Japón ha hecho maravillas por los autores norteamericanos que lo homenajean a través de su ficción. Junto a Lost in Traslation, de Sofía Coppola, Kill Bill, de Quentin Tarantino, Isla de Perros es uno de esos ejemplos. Animado con la técnica stop motion, el tributo de Anderson a la cultura nipona, predecible, evoca a los grandes del cine japonés: Akira Kurosawa (Dodes’ka-den, 1970), Katsuhiro Otomo (Akira, 1988) y Hayao Miyazaki (Porco Rosso, 1992). Es a nivel de diálogos donde ocurre un reconocimiento cultural más peculiar. En una decisión que le costó acusaciones de apropiación cultural –el crimen más atroz en la era de la corrección política– Anderson cambió el balance del idioma entre personajes. Los perros hablan inglés y los humanos hablan japonés en diálogos que no son subtitulados. Para algunos, es señal de respeto; para otros, una forma de presentar a los japoneses como distantes e inescrutables. Que cada quien decida.
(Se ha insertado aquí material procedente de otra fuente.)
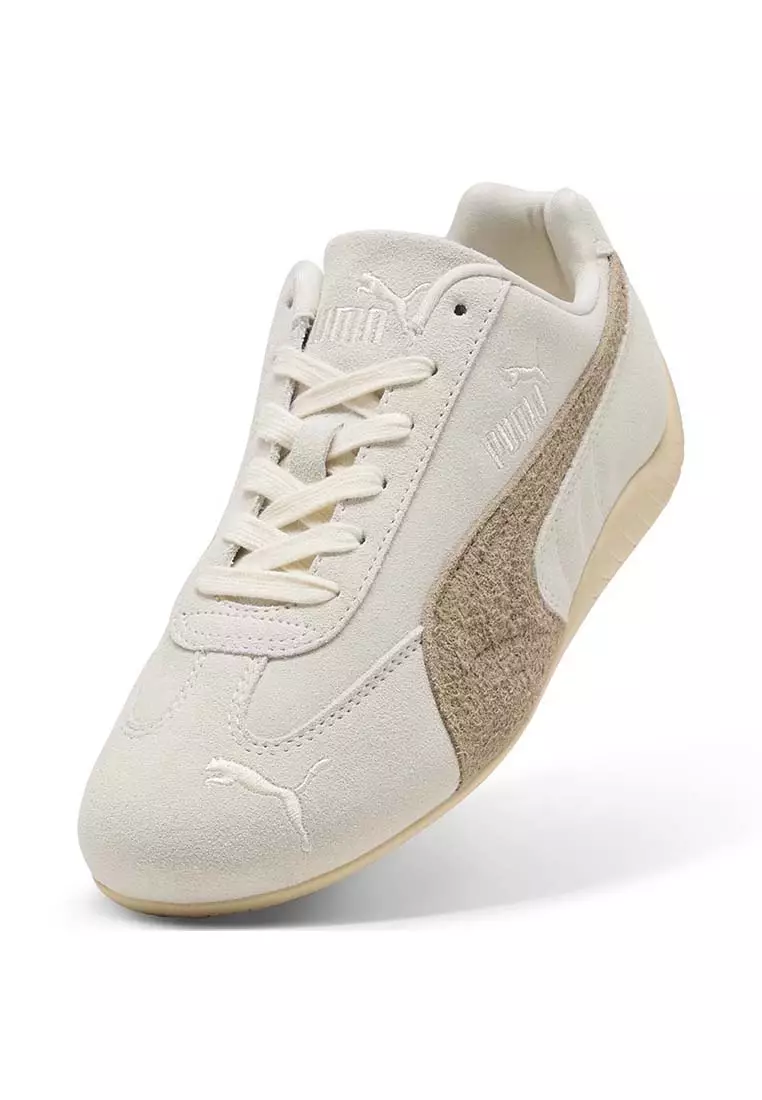 Buy PUMA Speedcat Elevated Wns 2025 Online ZALORA Philippines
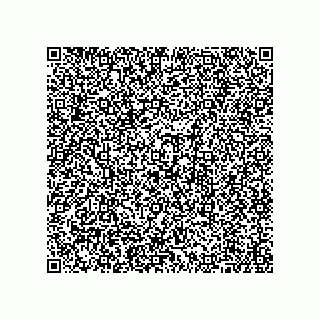 vCard 78462640404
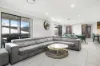 30 Guinevere Street, Schofields, NSW 2762-Image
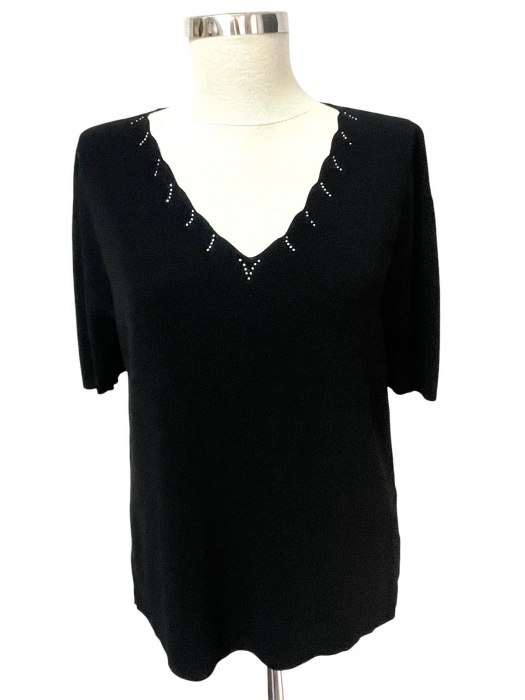 Bluza                              L [1]
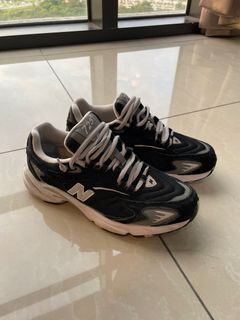 (Category: ) located in . Submitted by syahmisofi (Listing ID 1413773147, Image 1). Description: .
Alejado de su hábitat natural de papeles tapiz de cebras, libros de pasta dura, tocadiscos y vestimenta sartorial, Anderson demuestra que no es su preciosa estética la que le ha merecido su posición entre los cineastas contemporáneos más venerados, sino su auténtica sensibilidad como director, la cual prevalece aun en una trama sin belleza obvia, inmersa en montañas de basura y animales enfermos. El humor seco, la dimensión anímica a la que dejamos que nos transporte, el toque absurdo, el espíritu marginal de sus protagonistas. Todo sigue allí, de manera que, por más distinta que nos parezca del resto de su filmografía, Isla de Perros es profundamente andersoniana.